Kitabın ilerleyen bölümlerinde, hayatın başlangıcını dahi açıklayamayan ve her yönden geçersiz kılınmış evrim teorisinin deniz canlıları yönünden çöküşünü göreceğiz. Ancak canlılardaki mükemmellikleri incelerken, evrim teorisinin açmazlarından genel olarak bahsetmekte fayda vardır.
Darwinistler, canlıların sözde aşama aşama mükemmelleşerek var olduklarını iddia ederler. Buna göre bu hayali ara aşamaların izlerine her yerde rastlanması gerekir. Yani bir türden diğerine geçişi temsil eden hayali ara türler, ara formlar olmalıdır. Fakat yeryüzünde bu ara formlardan eser yoktur. Şimdiye kadar 300 milyondan fazla fosil bulunmuştur, ne var ki bunların tek bir tanesi bile ara form değildir. Fosil kayıtları bütün canlı türlerinin yeryüzü katmanlarında ilk belirdikleri andan itibaren şu anki mükemmel halleriyle bulunduklarını göstermektedir. Yani canlılar, milyonlarca yıl önce, bugünkü halleriyle yoktan yaratılmışlardır.
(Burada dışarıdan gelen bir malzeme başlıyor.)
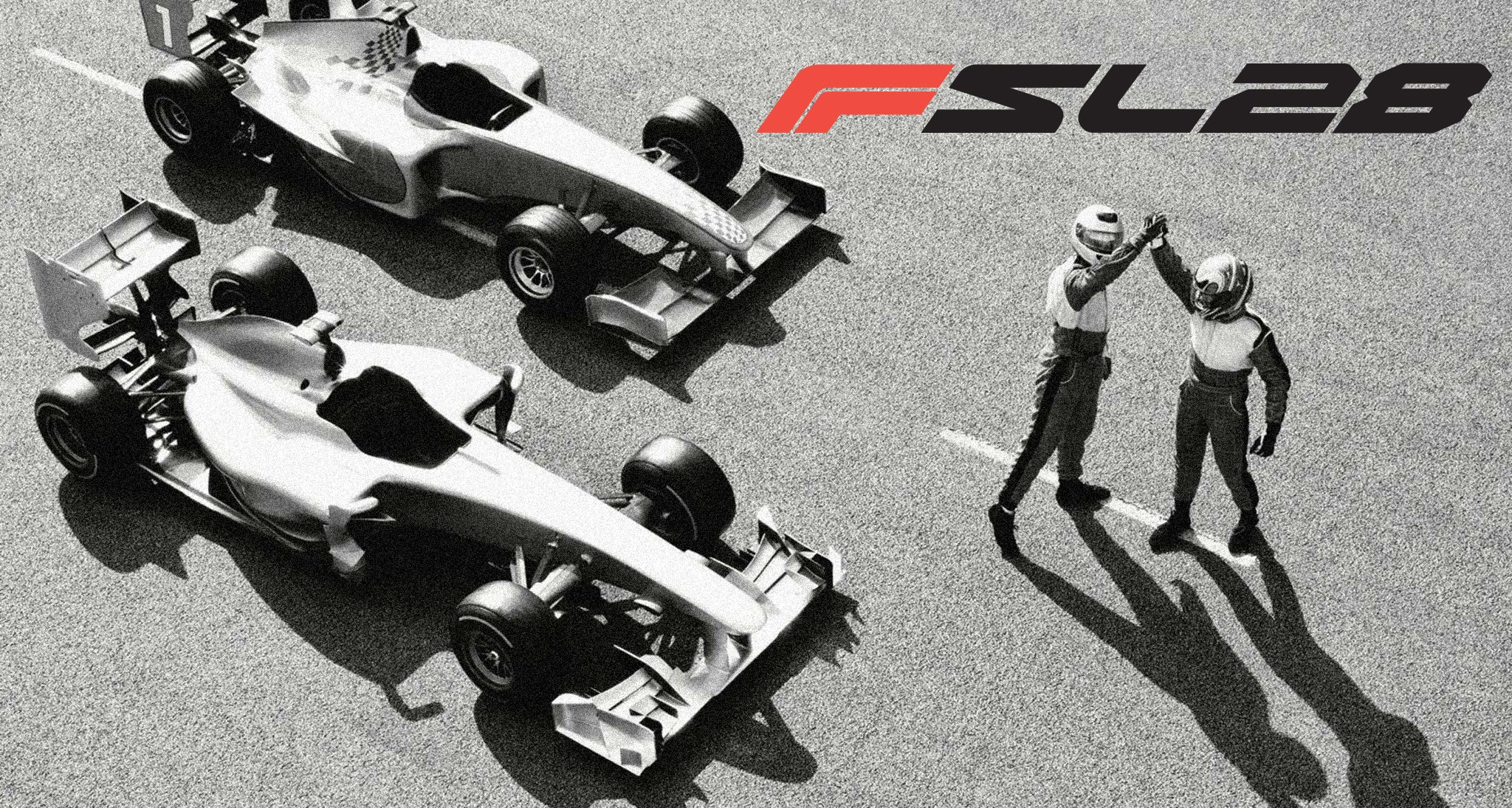 Two Formula Cars side by side with the drivers giving each other a high five.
Tek bir tane bile ara fosil bulunamaması, Darwinistler için en büyük sorunlardan biridir. Yarım fonksiyonlu, kademe kademe gelişen, eksik organlı canlılar yalnızca Darwinistlerin hayallerini yansıtmaktadır. Üstelik şunu da belirtmek gerekir ki bu, hayal ürünü bozuk yapılı, gelişimini tamamlanmamış, ara canlı şekillerinden, mükemmel canlı fosillerine kıyasla binlerce hatta yüzbinlerce kat daha fazla olması gerekmektedir. Ancak evrimcilerin beklentilerinin aksine, yeryüzü katmanlarındaki fosillerin tamamı olağanüstü düzgünlükteki mükemmel canlılara aittir.
Kambriyen dönemi, fosil kayıtlarındaki bu mükemmel ve ani ortaya çıkışın en büyük ve en görkemli kanıtlarından biridir. "Kambriyen dönemi" olarak adlandırılan yaklaşık 540 milyon yıl önceki dönemde, günümüzdekinden çok daha fazla çeşitlilikteki canlı türü, hiçbir hayali ataları olmaksızın, kusursuz halleriyle birdenbire yeryüzü katmalarında belirmektedir. İşte bu, Darwinistlerin en büyük hayal kırıklıklarından birini teşkil eder. Nitekim sırf bu yüzden, Kambriyen fosillerini ilk bulan Darwinist paleontolog Charles Doolittle Walcotty, bu fosilleri tam 70 yıl saklamıştır.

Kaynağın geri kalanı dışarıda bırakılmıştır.